CGAN-img-colorization

Image Colorization using Conditional GANs

What does this project do?

This Deep Learning model trains itself through a dataset of 10000 images from the COCO image dataset and after sufficient training, takes a 256×256 sized image and colorizes it (resizing to 256×256 pixels is handled by the model's dataloader itself)

How is it done?

The project is written in Python 3 and is implemented using the PyTorch framework. The model is an implementation of the findings of the Pix2Pix Image Translation paper which utilizes various concepts of Deep Learning like Generative Adversarial Networks (GANs), specifically Conditional GANs (cGANs), the Generator of which is a U-Net encoder-decoder and Discriminator is of PatchGAN type. You may learn more about these from the paper itself or by clicking on the links.
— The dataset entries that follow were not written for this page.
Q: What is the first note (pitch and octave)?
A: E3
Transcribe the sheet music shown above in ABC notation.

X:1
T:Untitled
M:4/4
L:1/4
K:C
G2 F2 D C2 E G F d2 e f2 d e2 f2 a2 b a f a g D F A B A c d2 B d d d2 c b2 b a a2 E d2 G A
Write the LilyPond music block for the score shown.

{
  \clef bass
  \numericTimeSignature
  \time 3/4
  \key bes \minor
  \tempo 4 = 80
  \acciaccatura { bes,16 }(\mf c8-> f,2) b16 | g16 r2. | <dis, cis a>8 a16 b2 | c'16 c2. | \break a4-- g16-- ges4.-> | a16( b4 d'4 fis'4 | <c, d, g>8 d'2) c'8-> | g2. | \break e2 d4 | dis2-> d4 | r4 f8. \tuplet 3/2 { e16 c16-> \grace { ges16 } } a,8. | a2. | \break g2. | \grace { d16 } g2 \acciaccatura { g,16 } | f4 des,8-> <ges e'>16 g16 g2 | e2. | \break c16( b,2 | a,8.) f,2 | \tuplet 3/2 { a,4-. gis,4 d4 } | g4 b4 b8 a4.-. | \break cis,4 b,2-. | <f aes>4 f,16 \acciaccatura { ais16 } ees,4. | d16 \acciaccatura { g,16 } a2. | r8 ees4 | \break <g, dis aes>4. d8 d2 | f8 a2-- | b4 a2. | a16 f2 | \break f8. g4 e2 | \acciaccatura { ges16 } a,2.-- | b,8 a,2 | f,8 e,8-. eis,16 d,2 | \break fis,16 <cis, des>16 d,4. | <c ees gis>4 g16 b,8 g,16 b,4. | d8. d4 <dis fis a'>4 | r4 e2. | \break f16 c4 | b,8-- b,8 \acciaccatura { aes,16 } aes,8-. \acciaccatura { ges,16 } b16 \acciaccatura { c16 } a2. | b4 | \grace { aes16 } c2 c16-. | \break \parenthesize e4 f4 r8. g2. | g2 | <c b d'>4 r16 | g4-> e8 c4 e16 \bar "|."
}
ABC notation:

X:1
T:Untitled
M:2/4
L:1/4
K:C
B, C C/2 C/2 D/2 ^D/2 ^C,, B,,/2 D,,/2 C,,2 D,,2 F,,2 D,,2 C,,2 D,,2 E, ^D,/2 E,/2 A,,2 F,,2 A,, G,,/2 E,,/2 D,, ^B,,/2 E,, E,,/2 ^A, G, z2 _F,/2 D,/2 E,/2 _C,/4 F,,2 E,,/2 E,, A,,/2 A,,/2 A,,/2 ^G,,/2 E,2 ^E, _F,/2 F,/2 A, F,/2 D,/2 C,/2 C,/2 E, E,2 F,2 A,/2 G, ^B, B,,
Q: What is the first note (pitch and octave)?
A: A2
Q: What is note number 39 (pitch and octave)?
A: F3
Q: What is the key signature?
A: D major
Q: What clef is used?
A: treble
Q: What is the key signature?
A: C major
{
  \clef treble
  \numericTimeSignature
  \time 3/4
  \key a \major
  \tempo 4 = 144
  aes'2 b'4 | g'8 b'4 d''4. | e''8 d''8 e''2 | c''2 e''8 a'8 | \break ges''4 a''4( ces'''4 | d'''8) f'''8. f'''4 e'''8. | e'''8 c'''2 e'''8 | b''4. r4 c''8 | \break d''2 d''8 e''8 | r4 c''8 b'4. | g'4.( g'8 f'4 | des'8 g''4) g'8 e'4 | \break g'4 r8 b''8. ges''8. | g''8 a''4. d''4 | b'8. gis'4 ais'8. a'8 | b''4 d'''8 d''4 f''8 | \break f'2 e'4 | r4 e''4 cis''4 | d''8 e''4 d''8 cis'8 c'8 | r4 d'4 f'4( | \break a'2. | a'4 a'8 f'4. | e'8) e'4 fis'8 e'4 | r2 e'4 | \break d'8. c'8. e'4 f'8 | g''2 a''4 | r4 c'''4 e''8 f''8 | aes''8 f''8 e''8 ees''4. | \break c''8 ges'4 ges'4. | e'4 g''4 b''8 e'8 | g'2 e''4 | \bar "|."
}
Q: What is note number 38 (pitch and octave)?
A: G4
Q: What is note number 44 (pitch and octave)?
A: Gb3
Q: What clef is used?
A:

For training the model, every image in the dataset is first resized to 256×256 pixels and converted from RGB to Lab color space. The 'L' (monochrome) channel is fed into the Generator which generates the 'a' and 'b' channels which the Discriminator then compares against the real image's 'a' and 'b' channels. Loss function for the Generator is summation of L1 loss (Mean Absolute Error between generated and real image) and Binary Cross-Entropy Loss (BCE Loss) (of generated images and an array of ones). Rather, the loss function for the Discriminator is average of 'Real Loss' (BCE Loss of real images and an array of ones, since these are real images) and 'Fake Loss' (BCE Loss of generated images and an array of zeros, since these are fake images). Adam Optimization Algorithm is used for both, Generator and Discriminator.

Things I learned and changes I made

Foremost, I leant a lot about GANs and their behavior in general, especially cGANs. I got to know and study about all the hyperlinked topics above. I also came across some developments since the paper was established.
Some of the changes I incorporated are:

  1. Using Instance Normalization instead of Batch Normalization (difference between the two) since then, the output would depend less on the contrast of the input image and hence avoid wildy off-target colors. It also simplifies the generation process.
  2. Using BCE with logits Loss instead of just BCE Loss. From what I could gather, it prevents the Discriminator from learning very quickly which in turn helps ward off very slow learning of the Generator.
  3. I did not add latent space along with the input channel 'L' to the Generator since it was leading to wildly off-the-mark colors like blue wood and brown bananas (its just what I feel and not backed by any reference).

Challenges faced

I majorly faced 2 challenges:

  1. A Weird Bug:
    • Initially the code for my Generator would throw up an error specifying different data types of input and the weights of the Generator. Moreover, changes in the data type of input was leading to changes to data type of the weights which again made them different.
    • After scratching my head over it for some days, I found the problem was the way I had structured my Generator architecture. Since I had some similar steps of the encoder and decoder initialised in python lists, they were not being considered a part of the model.
    • I discovered this when I printed the Generetor architecture and found missing steps. Writing out all the steps individually solved the problem.
  2. Warmer Color Preference:
    • The model favors warmer colors in general. This leads to fewer occurances of blues and more of reds and oranges.
    • I suspect that this is because I have removed latent space from the Generator input so the output is solely dependent on the 'L' channel. I feel so because, blue and other cooler colors are rare in nature (a good watch) which is why the model has learnt to associate most patterns on the 'L' channel with warmer colors.
    • This effect isn't very very severe though and generally it is passable. I have thought of a hopefully potential solution discussed later, but I still welcome suggestions on how to tackle this.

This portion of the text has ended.